…Did Kubla Khan a Stately Pleasure Dome Decree

I’ve been listening to audio recordings of Open Tech 2005 (previously known as NotCon). As seems to often be true, about half the presentations are uninteresting, dully presented, or so poorly recorded as to be unintelligible. The other half are fascinating.

In particular, I listened to a talk given by a distinguished-sounding gentlemen, explaining that his view of computing is different from probably everyone else’s in the room, and how he’s been using computers for decades, and how computer are operating on completely the wrong metaphor for 90% of us (that they’re primarily representing secretarial functions). I thought to myself, “This guy is great. I’ll have to check up on him and see who he is.” Then he explained that he was finally now codifying a lot of his ideas, and here it was, the latest iteration of Xanadu.

It was Ted Nelson.

For those unfamiliar, Ted Nelson essentially invented the notion of “hypertext,” of documents with embedded links that take you to other documents. But his view goes much beyond that (indeed, he sees the world-wide web as a pale shadow of his idea, since in his view the links should never die). He assembled his ideas into a system concept he called “Xanadu,” but which has never come anything close to a real-world system.

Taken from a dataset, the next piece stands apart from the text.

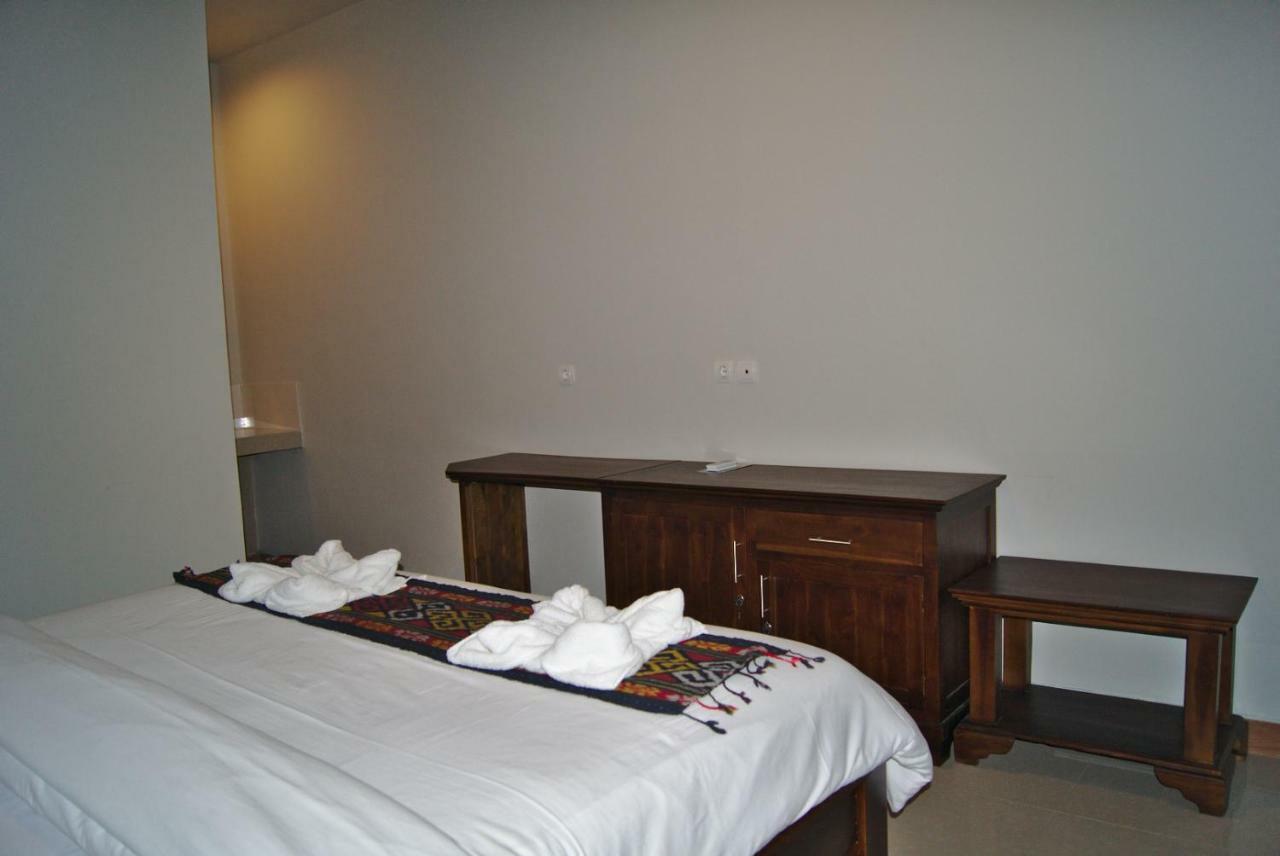 Hotel Ghamed Sari Esterno foto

Until now. He’s released a very early alpha version of ZigZag, a cross-platform (Windows/Mac/Linux) piece of software that lets you enter chunks of data and create relationships, then manipulate that data in what sounds like amazingly useful and powerful ways.

It’s a completely different way of looking at computing. I wonder if it has any legs.

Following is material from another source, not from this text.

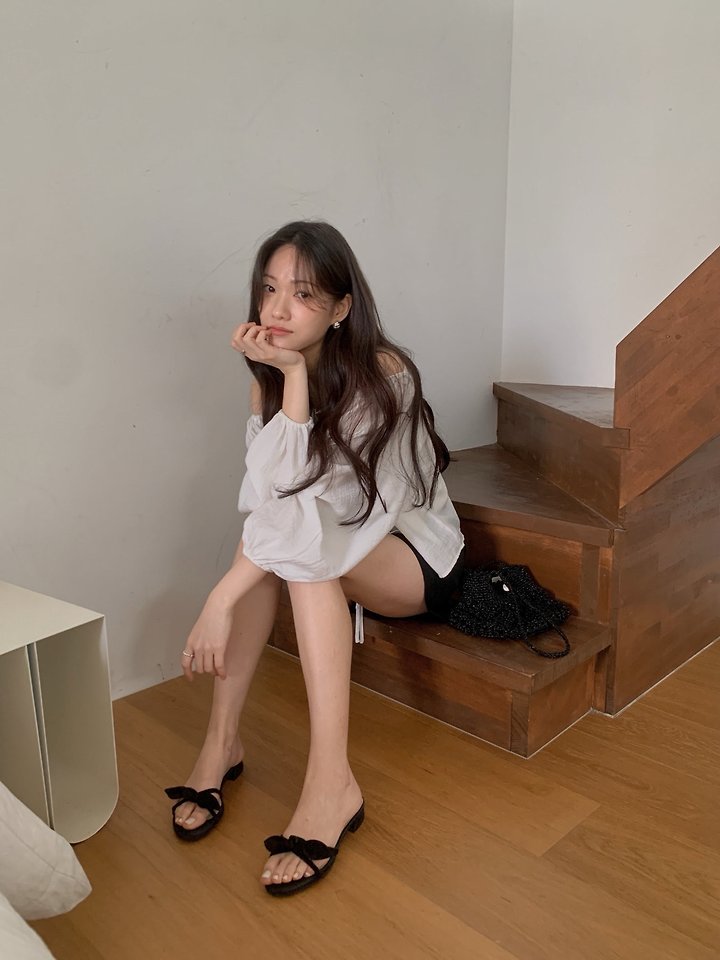 Dress Room - Korean Women Fashion - #vintagekidsstyle - Shoe Ribbon Blouse - 6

Amazing to think of a guy, working for decades to achieve a specific vision.

Comments:

Brennen I was just reading a bit about Nelson again last week. He’s a fascinating character, and Xanadu is/was a fascinating dream, though I think it’s been eclipsed by the grandiosity of its ambitions and its disconnection from any kind of pragmatic implementation. I also think Nelson’s plans have tended to suffer from a misplaced sense of total ownership, and Xanadu itself, the parts that can be deciphered, has elements of being a system for strong DRM & re-use payments, which I think are problematic. To say the least.
Brennen If you haven’t read Nelson’s Computer Lib / Dream Machines, it’s well worth jumping through a few library related hoops to find a copy.